Common Equity Tier 1 (CET1)
Common Equity Tier 1 (CET1) is a banking capital concept used to evaluate resilience, regulatory buffers, and loss-absorbing capacity.
Risk-management terms for CET1, Tier 1, Tier 2, tier capital, and retained bank capital components.
Bank Capital Components is the risk-management area for CET1, Tier 1, Tier 2, tier capital, and retained bank-capital components. These terms matter when they change which capital instruments absorb losses and qualify for regulatory capital treatment.
Use this page as orientation before relying on a narrower term. Check the capital composition table, common equity reconciliation, retained earnings, regulatory adjustments, instrument terms, and supervisory filing before treating a risk definition as decision-ready. Use Bank Capital Rules for the broader branch, then move to the narrower page when a metric, exposure, contract, model, limit, or control owns the evidence. Related context often appears in Banking, Regulation, Financial Statements, and Benchmark Rates, but this page keeps the focus on risk evidence rather than product promotion or generic uncertainty.

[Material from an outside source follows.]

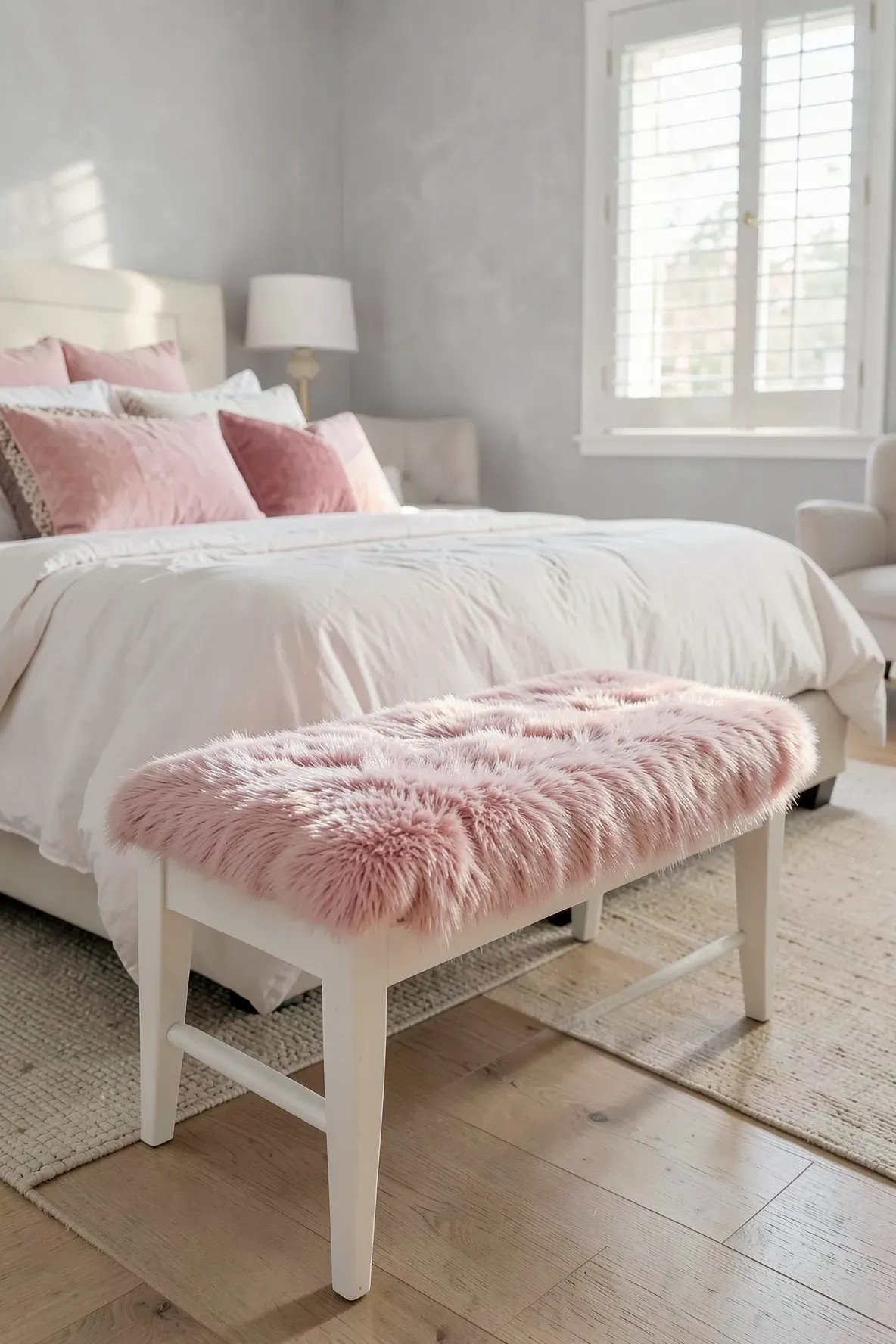 A white wooden bench with a pink faux fur cushion at the foot of a white bed.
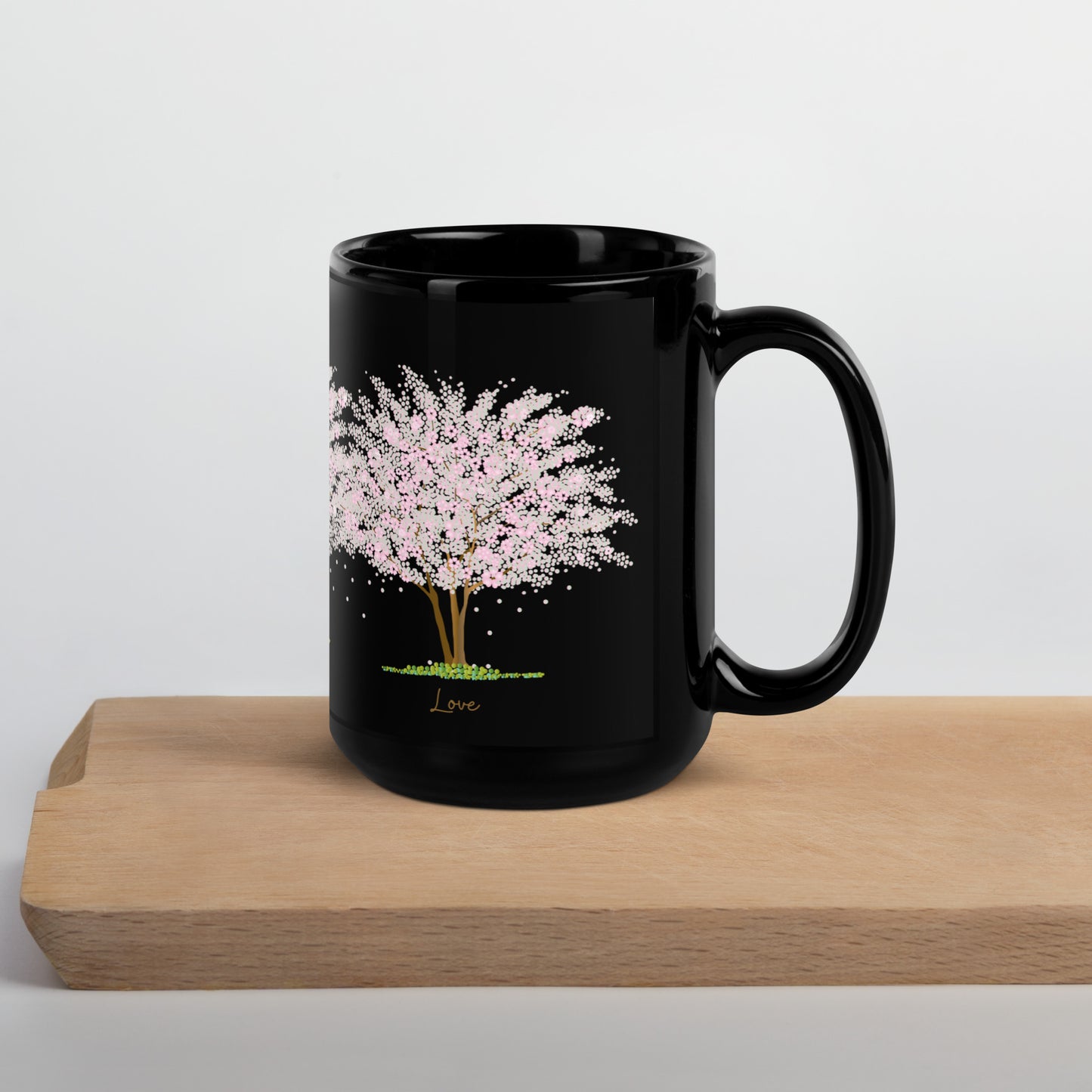 Faith Hope Love Black Glossy Mug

| Topic or term | Best use |
|---|---|
| Common Equity Tier 1 (CET1) | Common Equity Tier 1 (CET1) is a banking capital concept used to evaluate resilience, regulatory buffers, and loss-absorbing capacity. |
| Tier 1 Capital | Tier 1 Capital is a banking capital concept used to evaluate resilience, regulatory buffers, and loss-absorbing capacity. |
| Tier 2 Capital | Tier 2 Capital is a banking capital concept used to evaluate resilience, regulatory buffers, and loss-absorbing capacity. |
| Tier Capital | Tier Capital refers to different classes of bank capital, with Tier 1 being the core capital consisting of common equity and disclosed reserves. |
| Undivided Profit | Undivided Profit is a banking capital concept used to evaluate resilience, regulatory buffers, and loss-absorbing capacity. |
CET1 is usually the highest-quality capital category, so a bank with more total capital but less CET1 may not have the same loss-absorbing profile.
Use official sources for current rule text, supervisory frameworks, disclosures, and risk-control requirements. This page avoids hard-coding figures or thresholds that can change.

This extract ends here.